Intent Training and Testing
Training a model with your training corpus allows your bot to discern what users say (or in some cases, are trying to say).
You can improve the acuity of the cognition through rounds of intent testing and intent training. In Intelligent Bots, you control the training through the intent definitions alone; the bot can’t learn on its own from the user chat.
Test Sets
We recommend that you set aside 20% percent of your corpus for testing your bot and train your bot with the remaining 80%. Keep these two sets separate so that the test set remains “unknown” to your bot.

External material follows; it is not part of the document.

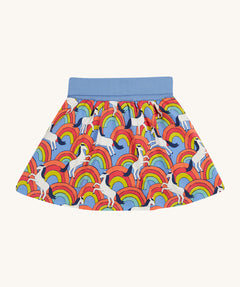 Frugi kids over the rainbow spring skort. - GOTS organic cotton kids skort with a multicoloured rainbow and white horse design with a light blue waist cuff.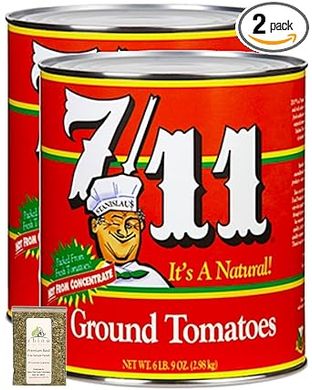 Stanislaus Ground Tomato Sauce: Signature Pizza Sauce, #10 Can (6 lb, 9 oz), Pack of 2 + Free Basil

Apply the 80/20 split to the each intent’s data set. Randomize your utterances before making this split to allow the training models to weigh the terms and patterns in the utterances equally.
The Intent Tester
The Intent tester is your window into your bot’s cognition. By entering phrases that are not part of the training corpus (the utterances that you’ve maintained in your testing set), you can find out how well you’ve crafted your intents and entities through the ranking and the returned JSON. This ranking, which is the bot’s estimate for the best candidate to resolve the user input, demonstrates its acuity at the current time.
The Intent Testing History
You can export the training data into CSV file so that you can find out how the intents were trained.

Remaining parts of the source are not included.